* Exercise brief: Retype, with no pictures, each line from the one that holds "Melon sculpté en" through the last line of the entries below, both included.

--- START ---

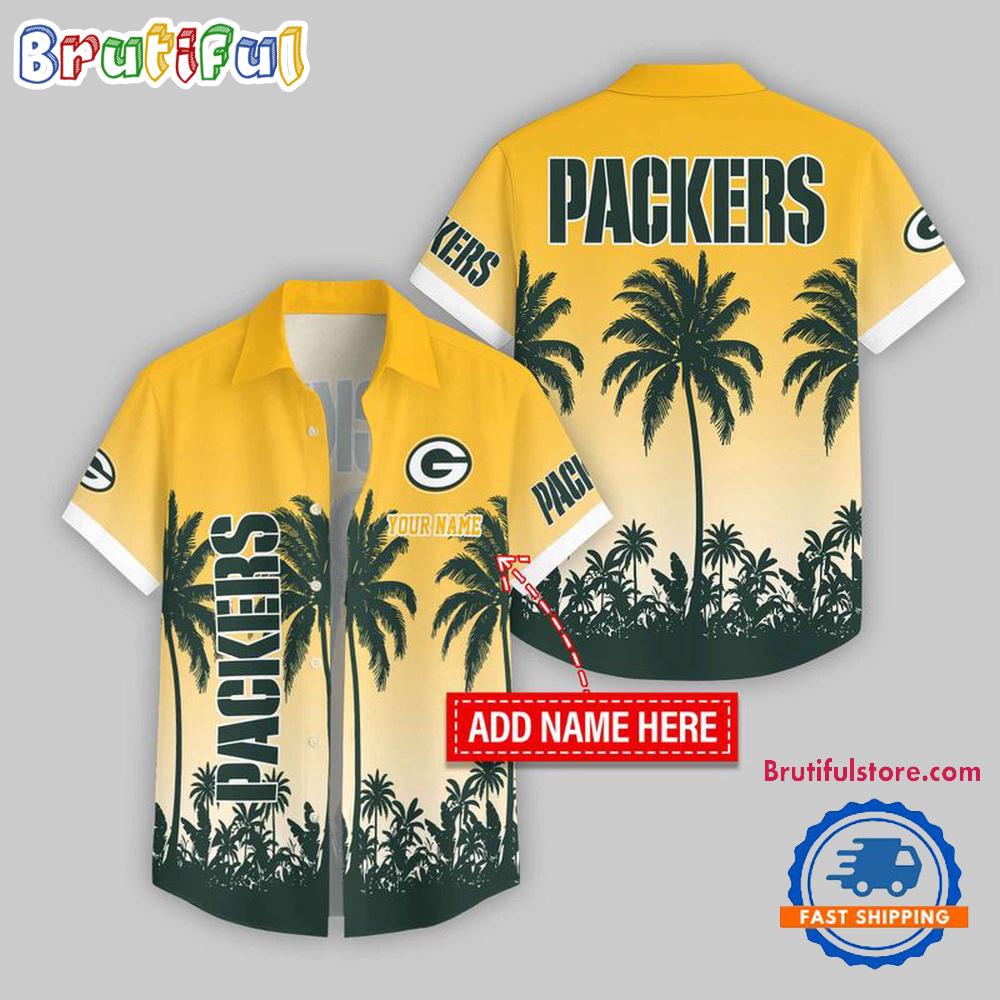 Green Bay Packers Flower Palm Tree Summer Button Hawaii Shirt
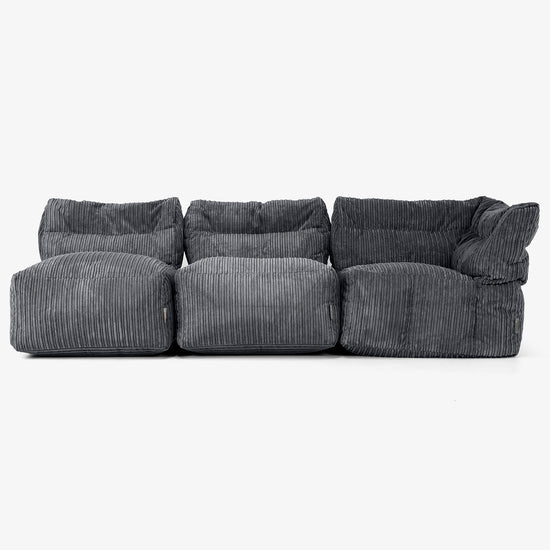 3 Piece Multi Open Modular Sofa Set - Cord Black 04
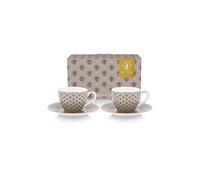 PIP STUDIO Tazza da espresso con piattino Set da 2 120ml BLOOMING TALES Kaki cammello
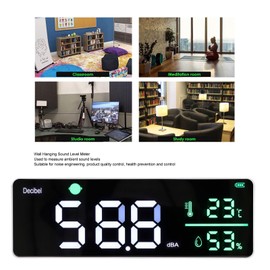 Wall Mounted Indoor Noise Monitor, Thermometer, Hygrometer, Decibel Meter, Sound Level Meter with 11 Inch Screen, Precise Noise Meter, for Public Areas, Restaurants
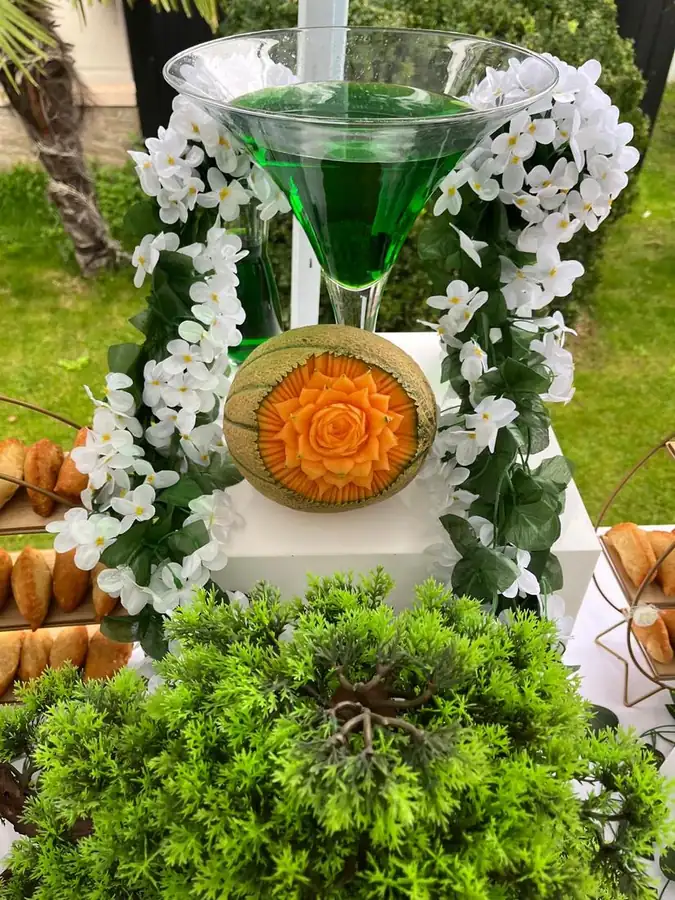 Melon sculpté en rose orange, création EliCook LOD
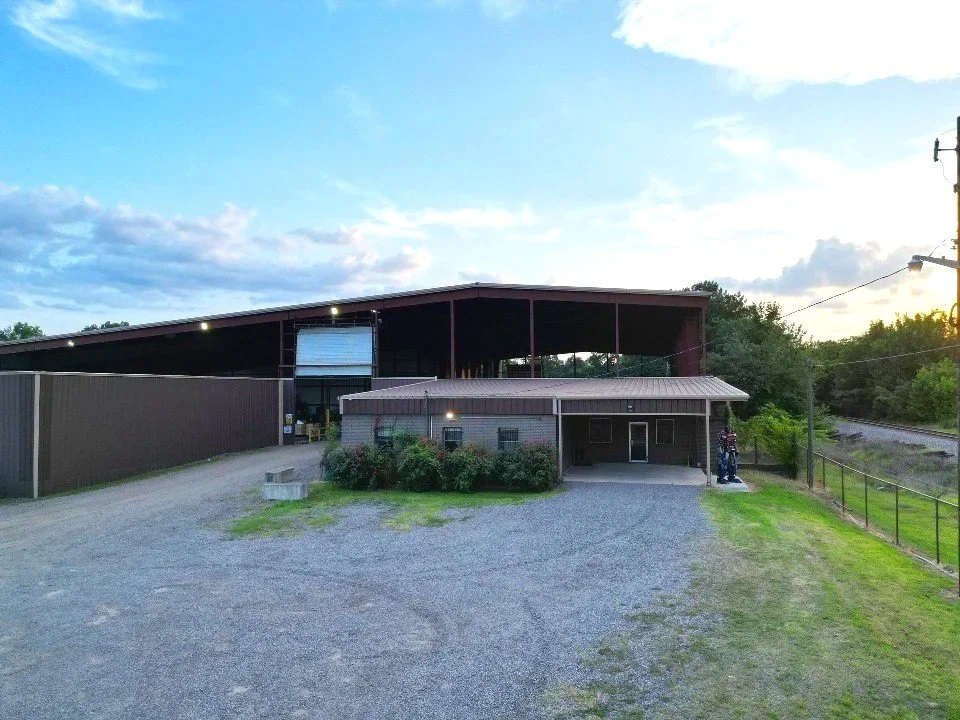 Exterior of Haston Recycling LLC's metal recycling facility in Atkins, AR, conveniently located between Russellville and Morrilton.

--- END ---

* Answer to this task:
 Melon sculpté en rose orange, création EliCook LOD
 Exterior of Haston Recycling LLC's metal recycling facility in Atkins, AR, conveniently located between Russellville and Morrilton.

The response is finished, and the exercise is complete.